### What is required
Quote word for word the lines below, beginning with the first and ending with the one that has "Biodex c/ 20". Drop the pictures.

### Recorded information
********

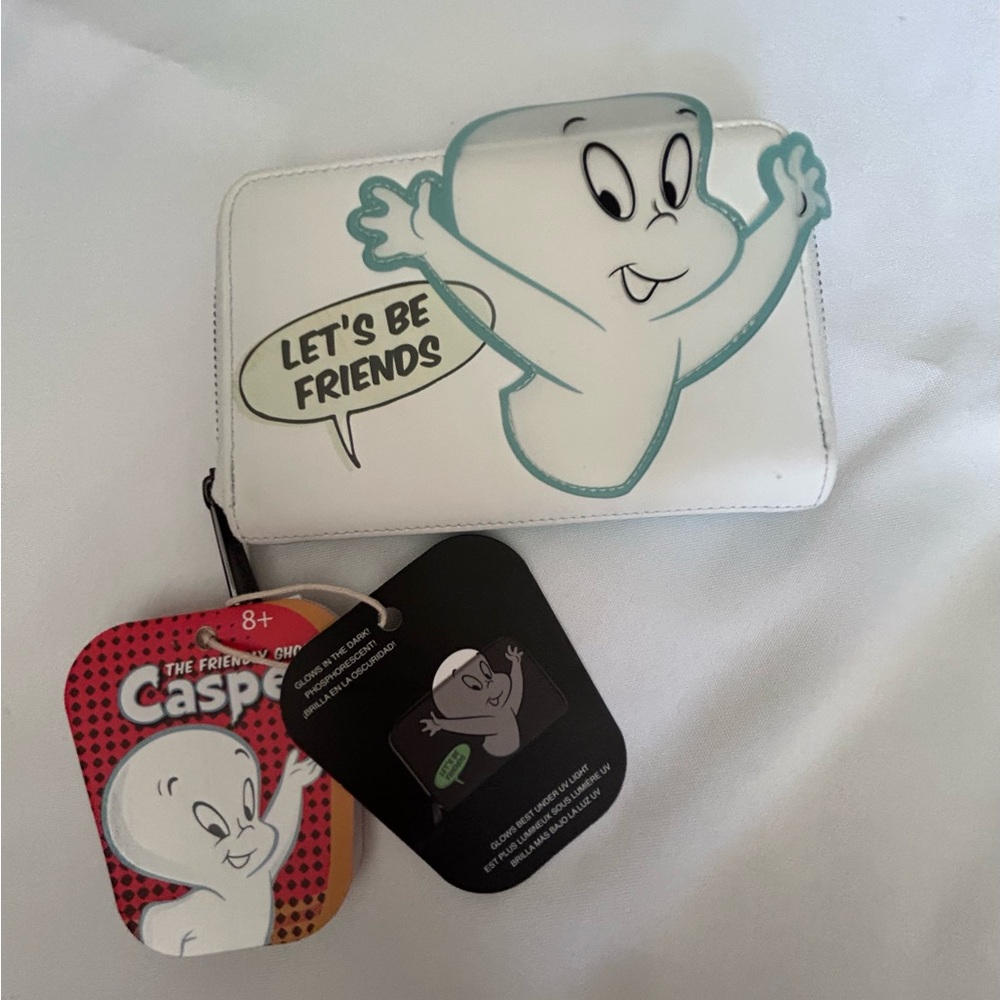 Casper The Friendly Ghost Disney Loungefly Wallet Glow in Dark Lets Be Friends
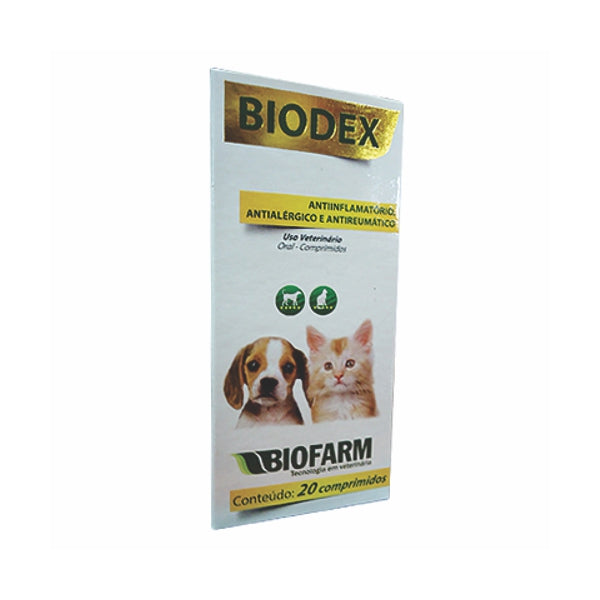 Biodex c/ 20 Comprimidos | Anti-Inflamatório, Antialérgico e Antirreumático para Cães e Gatos | Biofarm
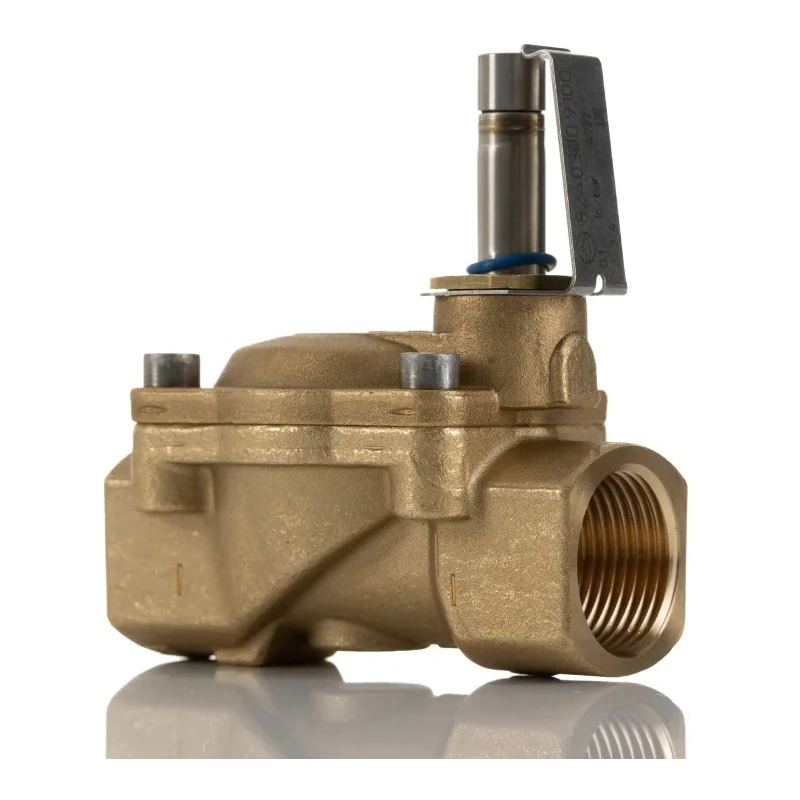 Buschjost Brass Body 2-Port Normally Closed Solenoid Valve 230V, 24V, 3/4 in Threaded Connection 8240300.9100.00000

********

### Answer
 Casper The Friendly Ghost Disney Loungefly Wallet Glow in Dark Lets Be Friends
 Biodex c/ 20 Comprimidos | Anti-Inflamatório, Antialérgico e Antirreumático para Cães e Gatos | Biofarm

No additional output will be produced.